In March, Rauss was summoned to the Chancellery and asked to explain himself. Hitler did not give him a chance to speak. After he had dismissed Rauss, Hitler insisted he be relieved of his command. Guderian protested that he was one of the most able Panzer commanders. Hitler said that he could not be trusted because he was a Berliner or an East Prussian. It was then pointed out that Rauss was an Austrian, like Hitler himself. Even so he was relieved of his post and replaced by von Manteuffel.
Himmler's Army Group Vistula did little to halt the Russian advance and Guderian eventually suggested that Himmler be replaced. On 20 March, Hitler agreed. He was replaced by a veteran military man, Colonel-General Gotthard Heinrici, who was currently commanding the First Panzer Army in the Carpathians. Under his command was the Third Panzer Army under von Manteuffel.

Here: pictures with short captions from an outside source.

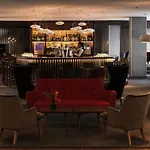 Mercure Paris Cdg Airport & Convention
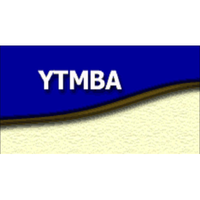 Ytmba Research & Consulting logo, Ytmba Research & Consulting contact details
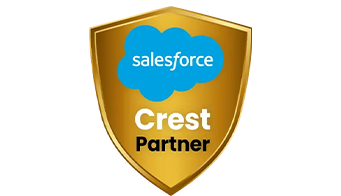 salesforce-crest-partner-1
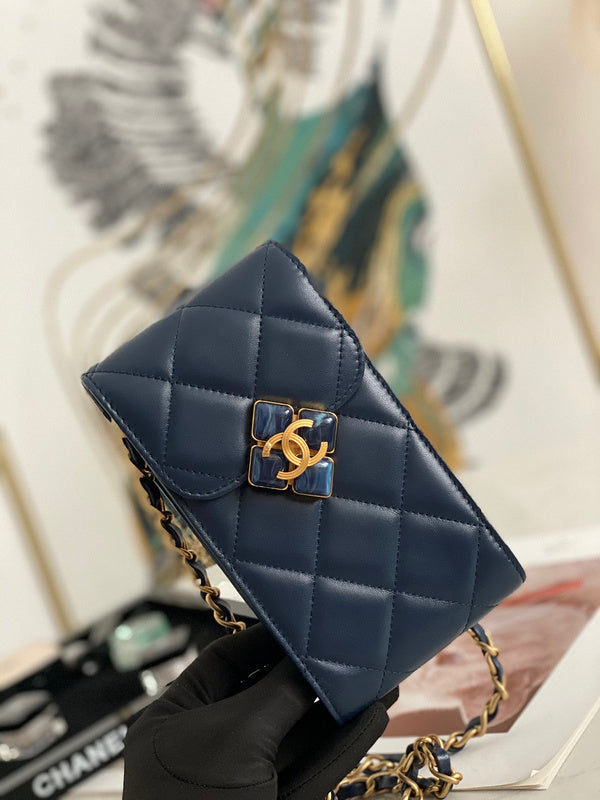 ELE - CHL Bags - 322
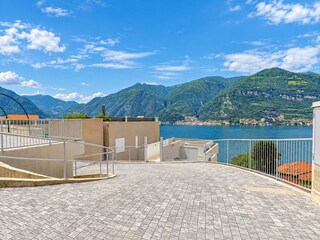 Holiday house Lezzeno  40
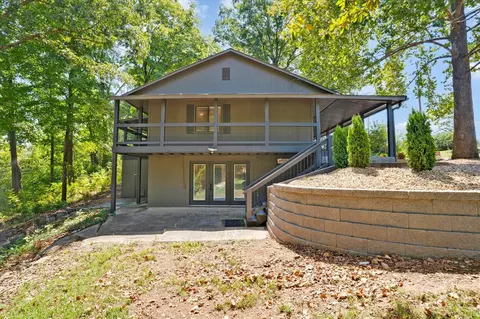 Other - 1953 Eaglecrest Rd, Cape Fair, MO 65624 photo 9 of 10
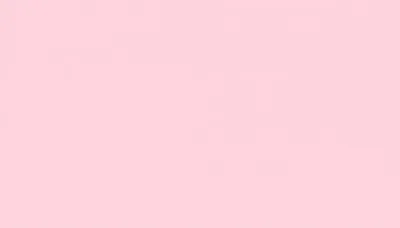 Illustration delicate - Image 1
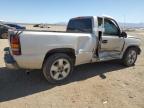 2006 Gmc New Sierra C1500 for Sale in Adelanto, CA - All Over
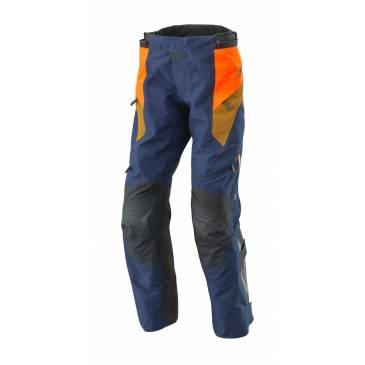 PATALON VAST GORE-TEX KTM /...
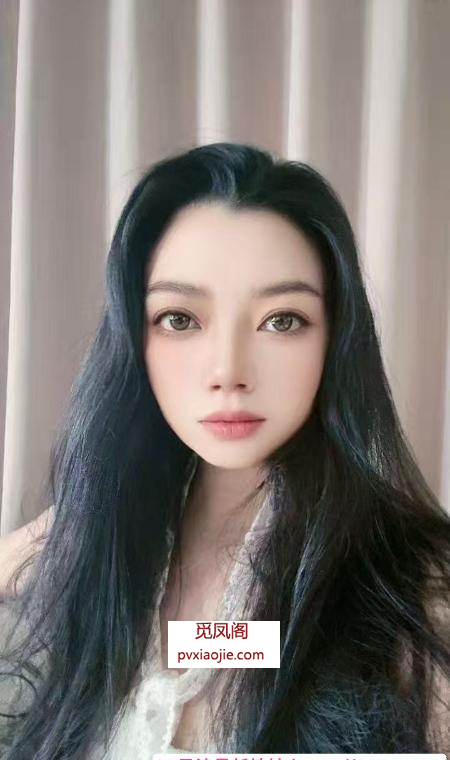 白云嘟嘟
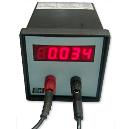 Voltage Meter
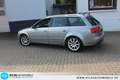 Audi A4 Avant 2.5 TDI S Line+ehrliche KM Grau - thumbnail 11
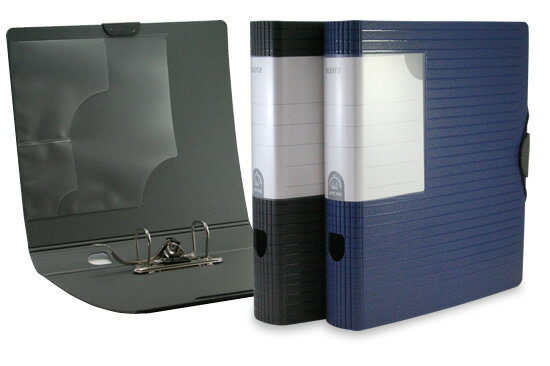 ڥ饤ġLEITZۥ饤ġLEITZ Сե180륢ƥ֥ץ50mm ʸ˼ʤ省ʸ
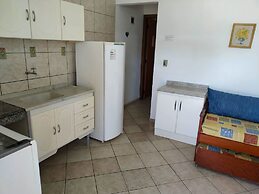 Residencial Praia Bombas
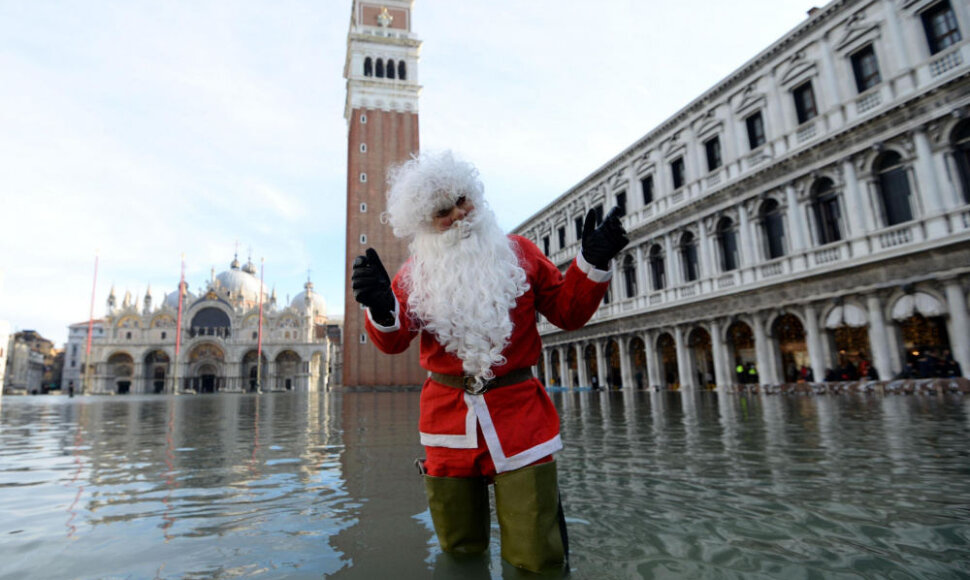 Venecija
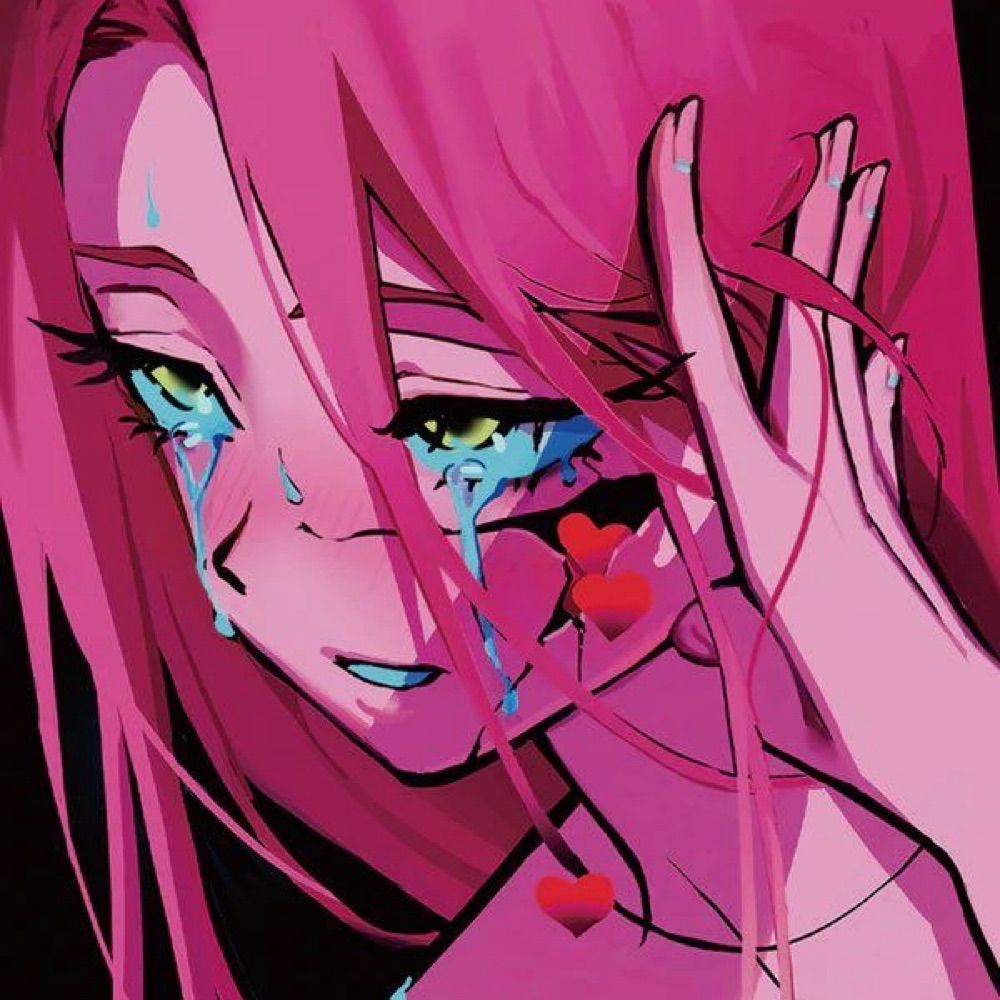 Amia / Rin
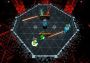 Rebound Dodgeball Evolved Global Steam Digital Key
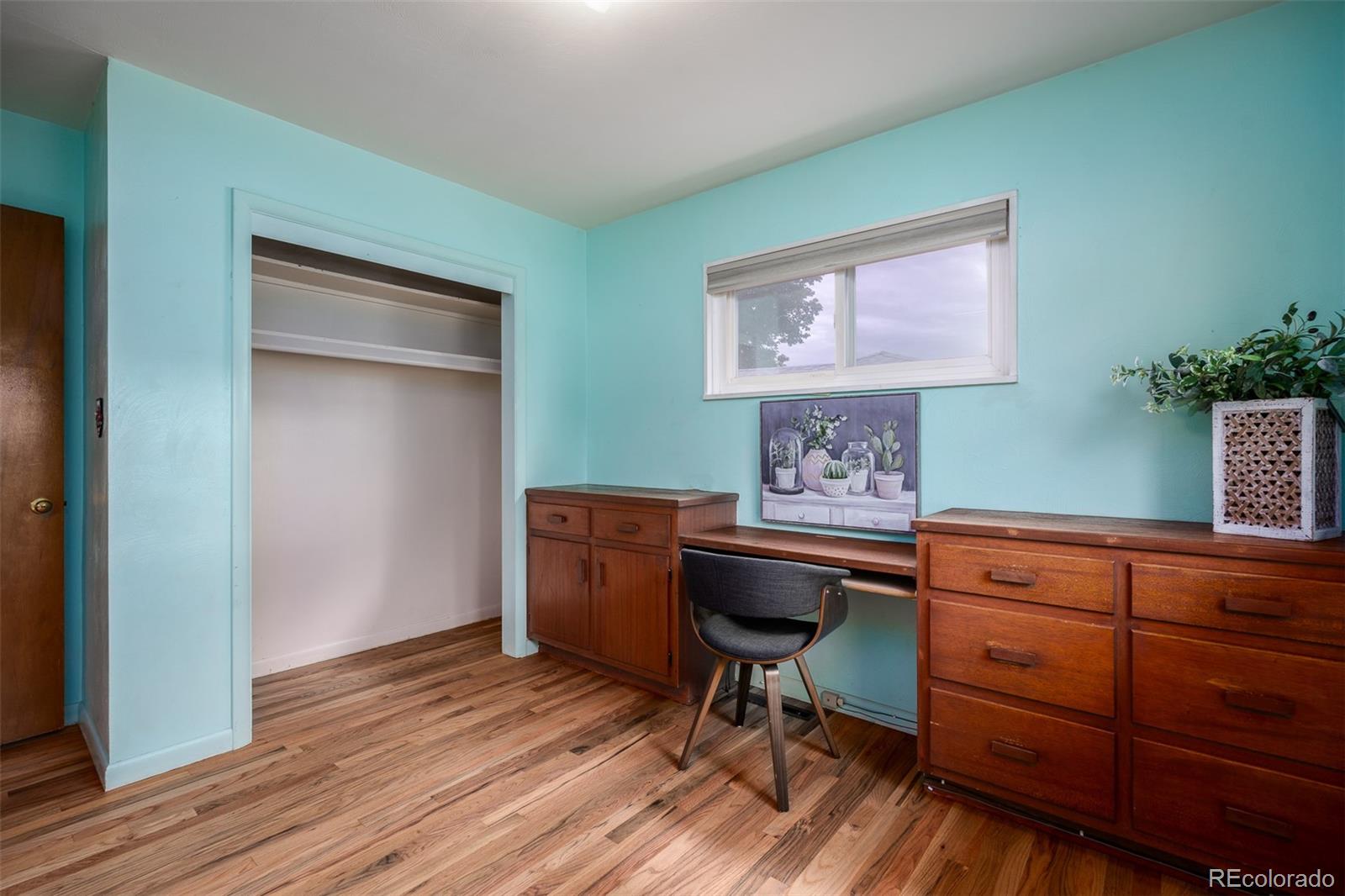 MLS Image #39 for 3615  sheffield lane,colorado springs, Colorado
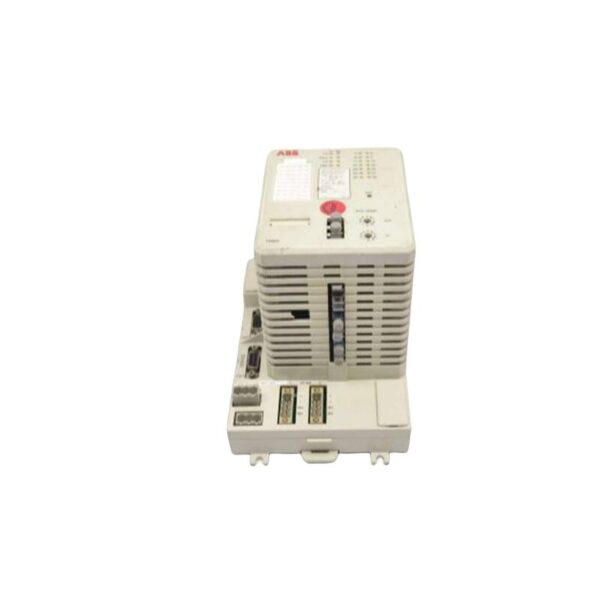 ABB PM820-1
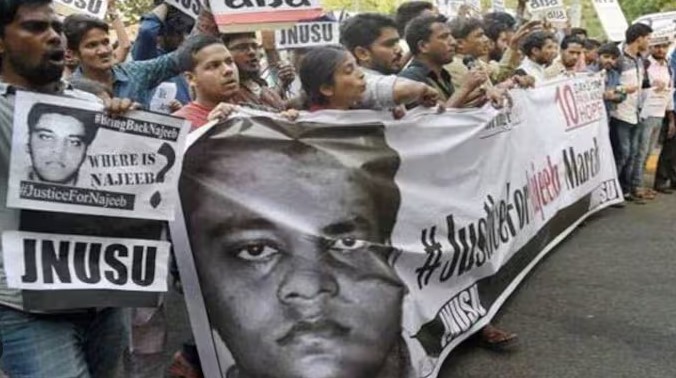 najeeb 1.jpg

Guderian continued to come up with suggestions of how the Russian advance could at least be slowed. But after one final falling-out with Hitler, he was ordered to take convalescent leave of six weeks. He left Berlin on 28 March intending to go to a hunting lodge near Oberhof in the Thuringian Mountains, but the rapid advance of the Americans made this impossible. Instead he decided to go to the Ehenhausen sanatorium near Munich for treatment of his heart condition. Warned that he might invite the attentions of the Gestapo, Guderian arranged to be guarded by two members of the Field Police.